The place I most wanted to see on the Coramandel was Hot Water Beach, on the opposite side of the Peninsula. This is a beach where, at low tide, cold water mixes with hot spring water from beneath the sand. Low tide next day was at 6 p.m., so we aimed to get there about two hours earlier, when the the springs begin to be uncovered (at high tide they’re completely covered by the sea). I went into the gift shop (naturally, there was a gift shop) when we arrived, to find out the cost of hiring a spade so I could dig my very own hot spa. It was NZ$4, with a $20 deposit, which seemed a bit expensive for something you had to give back when you’d finished with it. So I decided to dig with my hands instead. I walked towards the end of the beach, where a group of people were gathered. They were standing in the shallow water and shuffling their feet in the sand in an odd manner. Some of them were doing a little dance in the water. Hmmm. But never one to refuse to do something just because it looks stupid, I joined in to see what all the fuss was about.

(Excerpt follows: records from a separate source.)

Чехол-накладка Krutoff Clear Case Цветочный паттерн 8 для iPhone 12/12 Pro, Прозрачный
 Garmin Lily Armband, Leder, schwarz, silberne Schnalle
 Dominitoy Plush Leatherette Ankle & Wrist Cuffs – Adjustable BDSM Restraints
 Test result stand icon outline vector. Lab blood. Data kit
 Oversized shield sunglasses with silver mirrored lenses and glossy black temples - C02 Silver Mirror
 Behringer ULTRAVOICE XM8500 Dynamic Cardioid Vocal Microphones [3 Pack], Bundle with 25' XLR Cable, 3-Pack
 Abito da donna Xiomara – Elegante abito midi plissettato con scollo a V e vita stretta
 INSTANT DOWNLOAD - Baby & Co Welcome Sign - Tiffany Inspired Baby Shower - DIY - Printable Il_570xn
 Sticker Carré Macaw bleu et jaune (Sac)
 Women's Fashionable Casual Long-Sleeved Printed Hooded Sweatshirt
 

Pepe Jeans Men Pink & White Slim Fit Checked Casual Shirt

It was a very strange sensation: you could walk into the cold water, dig your feet a little way into the sand (hence the strange shuffling motion) and suddenly the soles of your feet were toasting! In some places it was too hot to stay still, which explained the need to dance around. I found a comfortably warm spot, and looked patronisingly at the new arrivals walking up the beach, no doubt wondering what strange ritual was causing the odd people to shuffle and dance about in the sand. The temperature of the springs is about 69 °C, and according to a woman standing next to me, a boy had managed to cook an egg in the sand last week (I wasn’t sure whether to believe her, though; I thought the minimum temperature needed to cook an egg would be 100 °C, and in any case she was dancing around rather strangely). As the tide went further out, enough of the beach was uncovered that several people started digging their own baths. I would have quite liked to do the same myself, but it was getting a bit late by this stage, so we began the drive back to the hostel.

We arrived back in Coramandel just in time to buy fish and chips - the shop was about to close an hour early so that people could get home in time to watch the All Blacks, who were playing Australia that evening in the World Cup semi-final. We - or at any rate I, rugby not being Germany’s most popular sport - rushed back to the hostel with the food, to watch the game with a group of Kiwi fishermen also staying at the hostel. They’d caught some mussels that day (I’m not sure how you go about catching mussels, but evidently they’d managed to) and very tasty they were too, so I grabbed some and ate them with my fish and chips. Australia won the match quite comprehensively, as it turned out. I was quite pleased, Australia being my second team (after Wales were robbed of a win against England in the quarter-finals) but I was also quite sorry to see the All Blacks go out. Kiwis are passionate about rugby in the same way as many people in Wales, and the fishermen were all very gracious losers who kept telling me how much Australia deserved to win.